After Psychograss, we took a break for lunch and cooled off in the small run-off creek that split the Family Camp section. Unfortunately I missed the Punch Brothers set. I’ve wanted to check out Chris Thile for some time and was hoping he would at least stick around to join Del later in the evening. Since I only caught a few minutes from their first 2 sets, I was primed to see the full closing set from the Del McCoury Band. Del McCoury has been honored for several years as both the Male Vocalist & Entertainer of the Year by the International Bluegrass Music Association... I knew I was in for a treat. The Sunday set started with a list of thank yous from Del himself and a complete family introduction. There’s no smoke and mirrors with Del and the boys. They bring the traditional bluegrass sound like no other. I was happy to see that Chris Thile in fact did stick around and ended up joining Del for a few songs, strengthening my regret that I missed him with the Punch Brothers earlier.

The night was about to be turned up a notch as the jam-grass style of Yonder Mountain String Band followed the peaceful easy feeling that Del McCoury left on the audience. YMSB never shies away from a set filled with jams, but their set list on this night was a bit lackluster. Maybe it was their busy schedule with both Summer Camp and Delfest that weekend, but the high energy I was expecting never reared its head. Fortunately they redeemed themselves somewhat when joined by Drew Emmitt, Ronnie McCoury, and Jason Carter as they finished the set with a masterpiece, "On The Run > Death Trip > On The Run". I was hoping for a Darol Anger sit-in, but no such luck was to be had.



Yonder Mountain String Band Live at DelFest on May 29, 2011.



Later that evening I took a trip to catch Drew Emmitt’s 50th Birthday Bash. Entering the rear of the indoor music hall I hit with a wall of beer odor. It definitely smelled like the crowd was having a good time but the beer-soaked floor left a grody feeling. Fortunately most of the mess was in the back of the venue so I wouldn’t have to deal with it while watching the show. Emmitt shared the stage with multiple performers throughout the weekend with most sticking around to join him on this special night. At times, majority of both the Emmitt-Nershi band and the Del McCoury Band were seen onstage as well as Jeff Austin from Yonder Mountain. The band ran threw in some unfamiliar songs and serenaded the birthday boy with cake and birthday wishes.
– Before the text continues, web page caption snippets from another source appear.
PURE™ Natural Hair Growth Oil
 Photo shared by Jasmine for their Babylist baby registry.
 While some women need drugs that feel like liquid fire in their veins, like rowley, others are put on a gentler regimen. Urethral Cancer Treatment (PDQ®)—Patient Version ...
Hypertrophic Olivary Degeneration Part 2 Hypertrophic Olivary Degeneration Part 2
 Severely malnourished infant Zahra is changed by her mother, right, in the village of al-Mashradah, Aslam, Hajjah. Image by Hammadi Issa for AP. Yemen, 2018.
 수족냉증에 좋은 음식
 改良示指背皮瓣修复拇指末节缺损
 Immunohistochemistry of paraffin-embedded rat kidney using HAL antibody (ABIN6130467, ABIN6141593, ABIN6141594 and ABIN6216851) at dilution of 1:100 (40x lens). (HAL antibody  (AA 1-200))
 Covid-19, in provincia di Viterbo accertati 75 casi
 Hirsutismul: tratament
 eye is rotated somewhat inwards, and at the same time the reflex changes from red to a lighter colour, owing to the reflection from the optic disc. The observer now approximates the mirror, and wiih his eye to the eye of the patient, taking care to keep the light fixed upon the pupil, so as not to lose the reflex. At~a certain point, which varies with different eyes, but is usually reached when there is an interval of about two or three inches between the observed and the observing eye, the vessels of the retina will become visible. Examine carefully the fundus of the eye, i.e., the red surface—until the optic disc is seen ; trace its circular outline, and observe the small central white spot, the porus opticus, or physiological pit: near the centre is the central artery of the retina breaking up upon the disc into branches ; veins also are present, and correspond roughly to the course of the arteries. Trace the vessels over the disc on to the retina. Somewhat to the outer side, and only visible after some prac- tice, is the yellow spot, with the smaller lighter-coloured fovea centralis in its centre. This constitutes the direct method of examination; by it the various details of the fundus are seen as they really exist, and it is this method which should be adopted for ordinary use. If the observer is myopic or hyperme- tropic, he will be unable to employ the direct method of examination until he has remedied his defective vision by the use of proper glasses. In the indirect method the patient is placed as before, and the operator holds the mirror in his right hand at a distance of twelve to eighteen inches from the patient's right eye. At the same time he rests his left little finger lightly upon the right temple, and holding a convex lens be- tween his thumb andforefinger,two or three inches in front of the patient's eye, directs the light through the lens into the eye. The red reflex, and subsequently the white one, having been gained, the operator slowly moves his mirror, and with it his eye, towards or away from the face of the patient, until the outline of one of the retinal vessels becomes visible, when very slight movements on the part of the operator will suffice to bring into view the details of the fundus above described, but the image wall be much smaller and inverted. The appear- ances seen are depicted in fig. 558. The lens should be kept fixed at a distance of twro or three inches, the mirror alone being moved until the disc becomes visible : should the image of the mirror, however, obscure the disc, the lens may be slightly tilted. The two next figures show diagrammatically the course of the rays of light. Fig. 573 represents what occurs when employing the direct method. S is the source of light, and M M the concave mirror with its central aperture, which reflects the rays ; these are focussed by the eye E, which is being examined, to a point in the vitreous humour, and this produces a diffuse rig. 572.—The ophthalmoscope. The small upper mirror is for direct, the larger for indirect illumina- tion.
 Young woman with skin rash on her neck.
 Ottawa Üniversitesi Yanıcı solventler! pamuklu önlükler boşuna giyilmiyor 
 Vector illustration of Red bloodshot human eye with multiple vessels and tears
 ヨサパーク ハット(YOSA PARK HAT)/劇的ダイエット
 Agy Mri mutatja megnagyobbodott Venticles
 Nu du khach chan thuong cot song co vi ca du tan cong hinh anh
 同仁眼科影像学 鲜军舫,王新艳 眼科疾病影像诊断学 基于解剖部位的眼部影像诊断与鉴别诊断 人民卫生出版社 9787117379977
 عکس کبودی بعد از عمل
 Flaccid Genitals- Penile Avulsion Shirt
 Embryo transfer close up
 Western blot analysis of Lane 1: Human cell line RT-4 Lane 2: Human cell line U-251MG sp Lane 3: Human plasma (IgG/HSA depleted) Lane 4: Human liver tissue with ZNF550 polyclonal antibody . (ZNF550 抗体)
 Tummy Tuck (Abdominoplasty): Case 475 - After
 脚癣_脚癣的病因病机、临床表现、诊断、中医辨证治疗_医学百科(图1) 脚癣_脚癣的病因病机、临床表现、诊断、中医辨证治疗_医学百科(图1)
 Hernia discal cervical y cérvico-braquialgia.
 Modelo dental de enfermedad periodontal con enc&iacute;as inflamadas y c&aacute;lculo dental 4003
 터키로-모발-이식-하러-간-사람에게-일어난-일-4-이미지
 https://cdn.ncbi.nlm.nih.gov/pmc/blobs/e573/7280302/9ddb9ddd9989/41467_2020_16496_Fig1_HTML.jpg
Overall Delfest presented some of the best bluegrass bands I have ever seen. I want to applaud Delfest for providing such a family-oriented event and also for allowing folks to leave and come back, allowing the opportunity to really explore everything Delfest and Cumberland, MD, had to offer. I would also like to thank Chris from McCoury Music for the opportunity to experience this premier bluegrass event as well as give a big shout out to the volunteers at the First Aid center! I look forward to making Delfest a regular family camping experience for as long as it's around.